In its review of APN Outdoor Group Limited's proposed merger with oOh!media Limited,19 the ACCC outlined serious concerns that the merger would combine the two largest providers of out-of-home advertising services and create a market leader with over 50 per cent share, based on its (narrow) market definition of the market for out-of-home advertising. It also highlighted the fact that the parties were each other's closest competitors, as they were the only two providers present in categories of all out-of-home advertising. The merger was subsequently abandoned by the parties as a result of these concerns.

Similarly, in the proposed merger of Camp Australia and Junior Adventures Group,20 the ACCC's statement of issues noted that the merger involved the consolidation of the two largest providers of before and after school care who were each other's closest competitor, potentially resulting in higher fees for parents or lower quality services. This merger was also abandoned following the statement of issues.

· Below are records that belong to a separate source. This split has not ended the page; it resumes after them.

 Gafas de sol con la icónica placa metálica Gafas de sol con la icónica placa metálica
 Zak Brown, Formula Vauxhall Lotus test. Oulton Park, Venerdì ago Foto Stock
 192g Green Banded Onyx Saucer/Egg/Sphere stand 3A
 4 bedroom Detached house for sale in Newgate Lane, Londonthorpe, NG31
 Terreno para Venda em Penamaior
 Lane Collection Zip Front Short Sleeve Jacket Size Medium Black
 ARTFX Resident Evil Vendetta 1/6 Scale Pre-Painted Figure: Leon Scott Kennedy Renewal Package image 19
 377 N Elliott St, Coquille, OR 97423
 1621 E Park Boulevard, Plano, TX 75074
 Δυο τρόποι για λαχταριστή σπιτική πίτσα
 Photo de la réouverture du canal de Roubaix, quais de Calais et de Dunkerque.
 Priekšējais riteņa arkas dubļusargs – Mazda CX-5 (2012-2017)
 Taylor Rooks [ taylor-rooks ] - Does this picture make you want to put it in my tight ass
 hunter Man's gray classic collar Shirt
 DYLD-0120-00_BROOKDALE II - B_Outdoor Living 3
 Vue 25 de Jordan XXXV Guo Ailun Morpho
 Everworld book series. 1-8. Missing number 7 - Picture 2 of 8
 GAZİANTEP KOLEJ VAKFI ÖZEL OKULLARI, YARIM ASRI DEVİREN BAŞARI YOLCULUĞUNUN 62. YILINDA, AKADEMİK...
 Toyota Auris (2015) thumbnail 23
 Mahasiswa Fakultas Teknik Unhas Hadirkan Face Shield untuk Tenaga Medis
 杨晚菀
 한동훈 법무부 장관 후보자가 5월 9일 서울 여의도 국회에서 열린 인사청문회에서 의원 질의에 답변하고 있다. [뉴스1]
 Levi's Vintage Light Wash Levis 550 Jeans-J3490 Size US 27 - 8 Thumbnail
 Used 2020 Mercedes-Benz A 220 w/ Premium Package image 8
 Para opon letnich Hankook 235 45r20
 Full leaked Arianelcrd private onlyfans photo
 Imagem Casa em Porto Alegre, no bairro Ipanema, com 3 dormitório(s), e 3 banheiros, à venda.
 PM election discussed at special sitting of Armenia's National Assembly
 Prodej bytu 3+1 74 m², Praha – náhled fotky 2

While high levels of market concentration and close competition between merger participants will raise the ACCC's concerns, they are not necessarily fatal to all transactions. The ACCC cleared Platinum Equity's proposed acquisition of OfficeMax Australia in November 2017, despite the transaction raising these types of concerns as it was satisfied that the remaining market participants would provide sufficient competitive constraint on the merged entity.21 The transaction was effectively a 'four into three', but involved combining the two largest competitors. Unfortunately, no PCA has been released and until it is, it is difficult to understand precisely the factors on which the ACCC relied in providing clearance for this transaction.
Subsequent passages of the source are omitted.